Jennifer Nansubuga Makumbi's A Girl is a Body of Water is set against the backdrop of Idi Amin's reign in Uganda and this gorgeous novel intertwines myth and history, as well as ideas of silence, seeing, storytelling and both small and large shifts of power that affect a friendship, a place, a life.

Sing, Unburied, Sing, by the inimitable Jesmyn Ward. I didn't read it this year, but reading two-time National Book Award Winning Jesmyn Ward is absolutely essential. Set in Ward's fictional Bois Sauvage, structured around a road trip, this novel is a magnificent intergenerational story about uncertainty and hauntings and history and love.

Amina Cain's Indelicacy feels both super contemporary and also removed from time, narrated by a young woman who works as a cleaner in a museum and grows into her writer-self.

Mieko Kawakami's Breasts and Eggs (translated by Sam Bett and David Boyd) is keenly focused on the patterns and nuance of language, physical spaces and the female body.

Raven Leilani's tender and raucous and innovative Luster follows twenty-something Edie as she navigates her world, exploring shifting power dynamics and is ultimately about the female artist growing into herself.

Ayşegül Savaş's Walking on the Ceiling is one of my favorite kinds of novels: a novel about walking, about friendship and about narration: the stories we tell, how we tell them and what we might eclipse in the process.

Hiromi Kawakami's Strange Weather in Tokyo (translated by Allison Markin Powell) takes place primarily in a particular bar in Tokyo and in movements throughout the city, as two unlikely people are drawn together. It's a smart and charming exploration of intimacy and loneliness and the melancholy joy of getting to know someone.

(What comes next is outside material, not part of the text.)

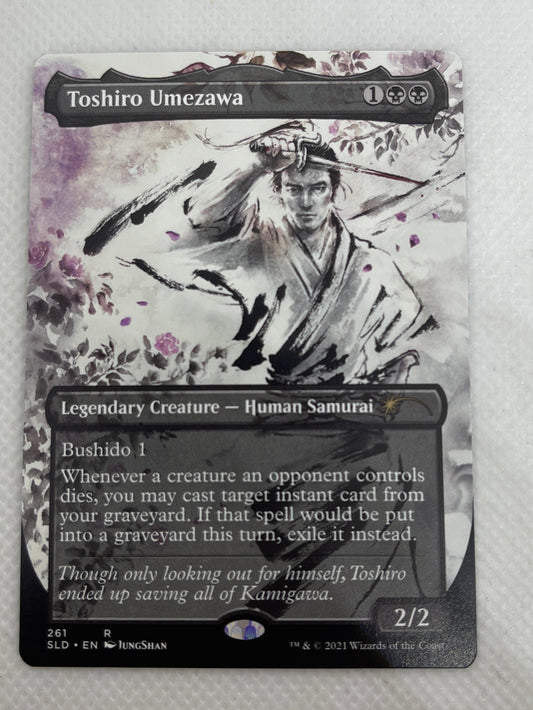 Trading card with artistic design on a textured gray surface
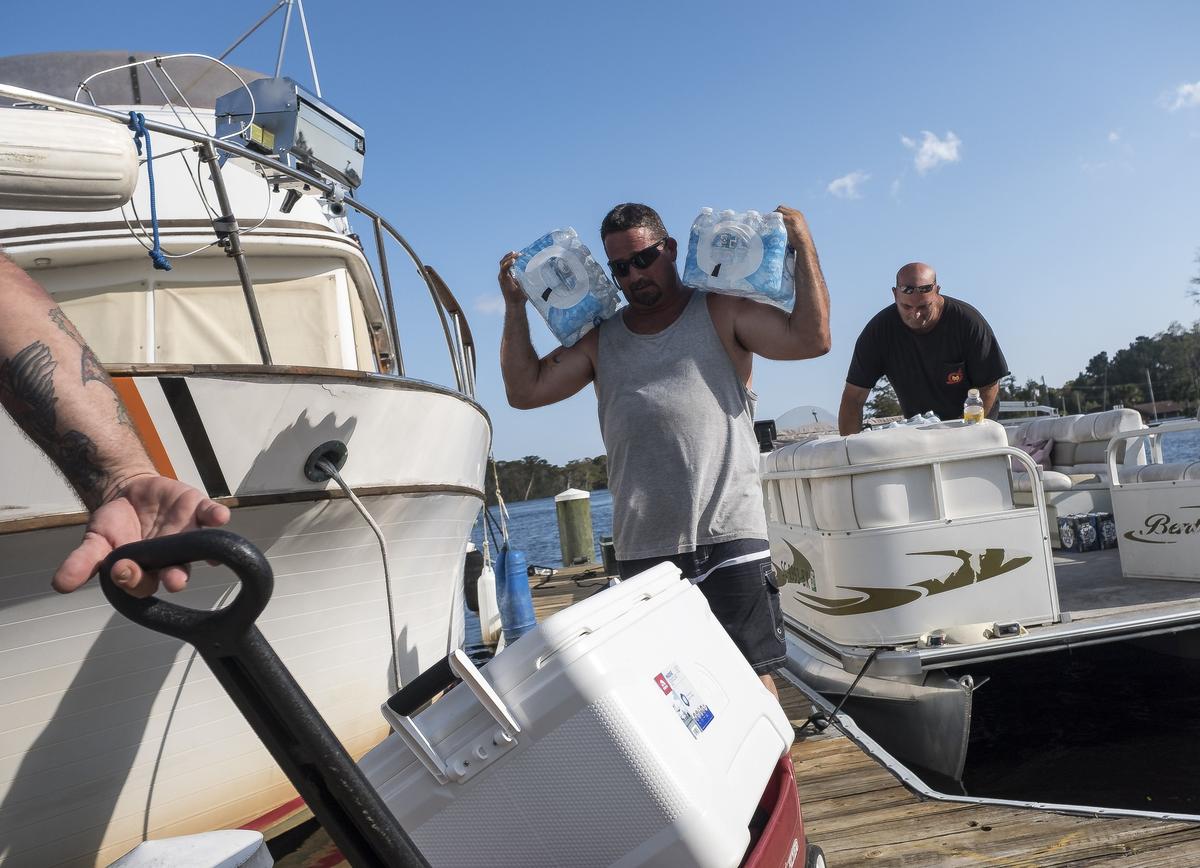 Phil Gerber shoulders bottles of water to a friend who is living on a boat at Bucksport Marina who has been cut off from supplies by rising flood waters. The Waccamaw River at Conway crested Wednesday at well over 21 feet flooding many downtown homes. Wednesday, Sept. 26, 2018.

Elizabeth Ames'sThe Others' Goldis the perfect college novel, following a group of four friends from the time they meet as roommates through young adulthood.

Stephanie Soileau's Last One Out Shut Off the Lights is a brilliant collection that focuses primarily on the particularities of place-in this case, Southwest Louisiana-and the emotional and environmental damage and precarity of its characters. And it's also about longing and hope.

And though not a work of fiction, Paisley Rekdal's Appropriate is addressed to a young writer and is a must-read for any fiction writer, any artist really, exploring issues of cultural appropriation and imagination.

Recommended by Donovan Hohn

Little Labors, Rivka Galchen
Dreaming of Ramadi in Detroit, Aisha Sabatini Sloan
This Is One Way to Dance, Sejal Shah
Animals Strike Curious Poses, Elena Passarello
Slouching toward Bethlehem, Joan Didion
Dispatches from the End of Ice, Beth Peterson

Recommended by renée hoogland

Toni Cade Bambara, Cherry Muhanji, Jamaica Kincaid, June Jordan, Zadie Smith, Danzi Senna-and, of course, the self-evident Toni Morrison, Alice Walker, etc.